How Form 8889 Connects to Your 1040
Here is the flow:
- ●Form 8889 Part I calculates your HSA deduction
- ●That deduction flows to Schedule 1, Line 13 of your 1040
- ●Schedule 1 flows to 1040, Line 10 (adjustments to income)
- ●This reduces your adjusted gross income (AGI)
Your AGI affects dozens of other tax calculations. Student loan interest phaseouts, Roth IRA contribution limits, child tax credit phaseouts, premium tax credits. Lowering your AGI with HSA contributions creates downstream savings beyond just the deduction itself.
The Contribution Deadline
You have until the tax filing deadline (April 15, 2026 for 2025 contributions) to make HSA contributions for the prior year. This means you can contribute to your HSA in January through April 2026 and apply it to your 2025 return.
This is the same rule as IRA contributions. If you have not maxed out your 2025 HSA and you are filing in March, you can still contribute the difference before April 15. Your HSA provider will ask which tax year the contribution applies to. Make sure you pick the right one.
The Bottom Line
Form 8889 is not complicated. It is three sections. Contributions, distributions, and the testing period. The problems come from small errors. Double-counting payroll contributions. Forgetting employer money counts toward the limit. Not prorating for partial-year coverage.
Get the contribution limits right, match your numbers to your 1099-SA and W-2 Box 12, and you are done.
Frequently Asked Questions
Do I need to file Form 8889 if I did not contribute to my HSA this year?
Yes. If you have an HSA, you must file Form 8889 with your tax return every year. Even if you made no contributions and took no distributions, the IRS expects the form. Your HSA provider reports your account to the IRS regardless.
What happens if I over-contributed to my HSA?
Remove the excess contribution (plus any earnings on it) before your tax filing deadline. If you miss the deadline, you owe a 6% excise tax on the excess. It applies every year the excess remains in the account. Your HSA provider can process an "excess contribution removal."
Can I file Form 8889 if I use free tax software?

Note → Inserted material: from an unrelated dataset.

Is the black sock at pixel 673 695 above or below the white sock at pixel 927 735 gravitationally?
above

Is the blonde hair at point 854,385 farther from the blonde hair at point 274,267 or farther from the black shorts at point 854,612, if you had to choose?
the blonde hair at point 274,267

Some free filing tools support Form 8889 and some do not. TurboFree and FreeTaxUSA typically support it. If your software does not generate Form 8889 automatically, you may need to upgrade or file it manually.
My spouse and I both have HSAs. Do we each file a separate Form 8889?
Yes. Each spouse with an HSA files their own Form 8889. If you file jointly, both forms attach to the same return. Your combined contributions cannot exceed the family limit ($8,550 for 2025).